Even more important is the fact that public ownership is subject to political pressure:

Those in charge [of environmental protection] will assuredly not be philosopher-kings weighing an abstract public interest, but politicians worrying about the next election. Their goal is satisfying constituents, and to that end they will make logrolling alliances with other politicians . . . . [By contrast], one of property’s greatest advantages is that it has no time limit. It gives owners permanent control. Their decisions cannot be reversed by the next election, or altered by bureaucratic pressure.

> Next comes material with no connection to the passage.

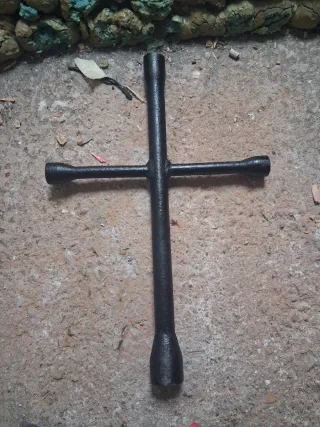 Llave Cruz - Herramienta antigua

In this connection, Bethell argues that in the United States, environmental problems are more common in states west of the Mississippi, where the federal government owns about a quarter of the land, than in the East, where it owns only 3.8 percent. In Brazil, he writes, the devastation of the rain forest is due not to the callousness of private owners but to the state, which owns and controls all the unclaimed land. It is the government that has built highways through the Amazon rain forest and distributes 100 hectares to any squatter who can show “effective use” of the land for one year.

• Bethell’s concluding chapter, “China, Property, and Democracy,” advances another unexpected proposition: that while economic growth depends on private property, it does not require democracy. For proof, he points to Taiwan, Singapore, Hong Kong, and, as of recent years, Communist China. But he also goes further, arguing that a nondemocratic society that allows private enterprise in effect gives up a great deal of its power. Thus, although the State Department, in its 1995 survey of human rights, characterized China as an “ ‘authoritarian state,’ in which the Communist party ‘monopolizes decision-making authority,’ ” this, according to Bethell, is “inaccurate”:

Considerable decision-making authority—the decisions that people make in earning a living: the decision to sow, reap, harvest, barter, and exchange—[has] been largely delegated to the people. Only if life is viewed as a life in politics is the State Department’s view correct.

It is, indeed, historically true that in today’s advanced democracies, like Great Britain, property preceded democracy and paved the way for it. But here Bethell surely underestimates the importance of democracy, and the rule of law associated with it, for the ultimate protection of property rights themselves.



Any book as bold and unconventional as this one is bound to give rise to controversy, and The Noblest Triumph is not flawless. Bethell could have paid more attention to counterarguments. He does not fully discuss the complexities of ownership in a situation like the contemporary one, in which the primary asset is often not physical property but credit. He might also have devoted more space to the crucial role played by private property in the Industrial Revolution in England and, contrariwise, to the way in which the late and imperfect development of private property in czarist Russia contributed to that country’s economic backwardness.

But these caveats pale beside Tom Bethell’s accomplishment—which is to demonstrate convincingly that without property, there is no economic progress.